Monte Carlo sampler for semivalue-based methods of computing data values.

Evaluators that share marginal contributions should share a sampler. We take mc_epochs permutations and compute the marginal contributions. Simplest implementation but the least practical.

Parameters#

mc_epochsint, optional

Number of outer epochs of MCMC sampling, by default 1000

min_cardinalityint, optional

Minimum cardinality of a training set, must be passed as kwarg, by default 5

cache_namestr, optional

Unique cache_name of the model to cache marginal contributions, set to None to disable caching, by default “” which is set to a unique value for a object

random_stateRandomState, optional

Random initial state, by default None

CACHE: ClassVar[dict[str, ndarray]] = {}#

Cached marginal contributions.

compute_marginal_contribution(*args, **kwargs)#

Trains model to predict data values.

Uses permutation sampling to find the marginal contribution of each data point, takes self.mc_epochs number of permutations.

set_coalition(coalition: Tensor)#

Initializes storage to find marginal contribution of each data point

class opendataval.dataval.margcontrib.sampler.Sampler(*args, **kwargs)#

Bases: ABC, ReprMixin

Abstract Sampler class for marginal contribution based data evaluators.

Many marginal contribution based data evaluators depend on a sampling method as they typically can be very computationally expensive.
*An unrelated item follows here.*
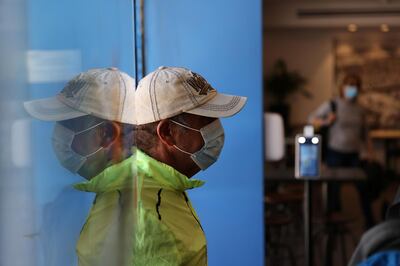A man wearing a mask is reflected in glass as he enters a pool where a "Green Badge" is required upon entry, as Israel reopens swathes of its economy, continuing to lift restrictions of a national lockdown to fight the coronavirus disease (COVID-19), at Gordon Gym and Pool in Tel Aviv, Israel February 21, 2021. REUTERS/Ronen Zvulun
The Sampler class provides a blue print of required methods to be used and the following samplers provide ways of caching computed marginal contributions if given a “cache_name”.

abstract compute_marginal_contribution(*args, **kwargs) ndarray#

Given args and kwargs for the value func, computes marginal contribution.

Returns#

np.ndarray

Marginal contribution array per data point for each coalition size. Dim 0 is the index of the added data point, Dim 1 is the cardinality when the data point is added.

abstract set_coalition(coalition: Tensor) Self#

Given the coalition, initializes data structures to compute marginal contrib.

Parameters#

coalitiontorch.Tensor

Coalition of data to compute the marginal contribution of each data point.

set_evaluator(value_func: Callable[[list[int], ...], float])#

Sets the evaluator function to evaluate the utility of a coalition

Parameters#

value_funcCallable[[list[int], …], float]

T his function sets the utility function which computes the utility for a given coalition of indices.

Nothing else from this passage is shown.